Adresse aux Turcs de France
Recep Tayyip Erdoğan, lors de son discours (photo officielle), a abordé le sujet de la double nationalité. Quelque 620.000 Turcs résideraient en France, a-t-il observé, et la moitié d’entre eux détiendraient la double nationalité franco-turque. D’après le Premier ministre, ce chiffre devrait être plus élevé. « Vous êtes nos ambassadeurs. Pourquoi le nombre de nos ambassadeurs n’est-il que de 300.000? Je veux qu’il augmente à 620.000 », a-t-il déclaré, ajoutant que les Turcs de France devaient s’intégrer mais pas « s’assimiler ». « N’oubliez pas votre culture, vos traditions et vos croyances », a demandé le chef du gouvernement turc à ses compatriotes. « Ne laissez pas vos enfants s’assimiler », a-t-il poursuivi.
S’adressant à la communauté turque de France, il a également déclaré que la France avait « besoin de gens courageux, honnêtes et travailleurs comme vous ». « L’Europe a besoin de la Turquie, […] de sa population jeune et dynamique. Elle a besoin de la Turquie pour lutter contre le racisme et l’islamophobie », a ajouté le Premier ministre.
Tournée politique en Europe
Avant Lyon, le Premier ministre turc s’était rendu à Cologne en Allemagne en mai dernier puis à Vienne, afin de s’adresser à la communauté turque y résidant. Ces meetings politiques controversés interviennent dans le cadre de la campagne présidentielle du Parti de la justice et du développement (AKP), même si Recep Tayyip Erdoğan ne s’est pas encore porté officiellement candidat. Lors d’une réunion du Conseil de l’AKP à Istanbul samedi, le Premier ministre a déclaré ne pas être inquiet pour la « route présidentielle » de son parti, a rapporté le Hürriyet Daily News. « Qui que soit notre candidat aux présidentielles, le futur de l’AKP est la dernière chose dont nous devons nous inquiéter. L’AKP est un parti avec des limites définies par des principes et non des individus », a-t-il ajouté.

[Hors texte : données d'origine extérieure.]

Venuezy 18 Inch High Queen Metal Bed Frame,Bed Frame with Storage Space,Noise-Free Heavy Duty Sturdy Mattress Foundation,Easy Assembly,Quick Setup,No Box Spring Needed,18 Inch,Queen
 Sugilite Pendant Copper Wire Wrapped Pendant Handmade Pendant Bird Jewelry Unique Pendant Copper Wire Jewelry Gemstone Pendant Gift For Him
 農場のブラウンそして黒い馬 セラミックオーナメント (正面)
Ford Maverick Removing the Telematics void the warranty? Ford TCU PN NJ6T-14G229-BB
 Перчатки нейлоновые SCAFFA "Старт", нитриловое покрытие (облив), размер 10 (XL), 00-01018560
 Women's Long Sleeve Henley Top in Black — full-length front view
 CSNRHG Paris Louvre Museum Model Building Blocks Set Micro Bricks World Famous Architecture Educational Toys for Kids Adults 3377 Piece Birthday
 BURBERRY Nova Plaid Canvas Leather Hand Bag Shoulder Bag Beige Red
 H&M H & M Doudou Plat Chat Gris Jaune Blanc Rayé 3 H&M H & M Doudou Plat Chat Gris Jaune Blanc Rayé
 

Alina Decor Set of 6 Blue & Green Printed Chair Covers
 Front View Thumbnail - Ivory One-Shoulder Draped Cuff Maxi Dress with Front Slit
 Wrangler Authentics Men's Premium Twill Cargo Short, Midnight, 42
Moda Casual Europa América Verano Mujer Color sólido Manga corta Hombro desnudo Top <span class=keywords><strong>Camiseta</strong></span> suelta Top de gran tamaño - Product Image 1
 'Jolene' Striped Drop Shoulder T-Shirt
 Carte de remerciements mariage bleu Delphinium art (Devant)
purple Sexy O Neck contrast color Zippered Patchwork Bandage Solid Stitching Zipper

Après le meeting politique de Cologne, qui avait aussi été l’occasion de manifestations, Recep Tayyip Erdoğan a reçu le même accueil jeudi dernier en Autriche. Quatorze personnes ont été arrêtées à Vienne après que des affrontements ont éclaté entre opposants et supporters du Premier ministre turc devant l’Albert Schultz Hall où s’était tenu son meeting politique, a rapporté le World Bulletin. Plus de 7.800 manifestants s’y était rassemblés pour protester contre la venue du Premier ministre et marquer leur désaccord avec sa politique.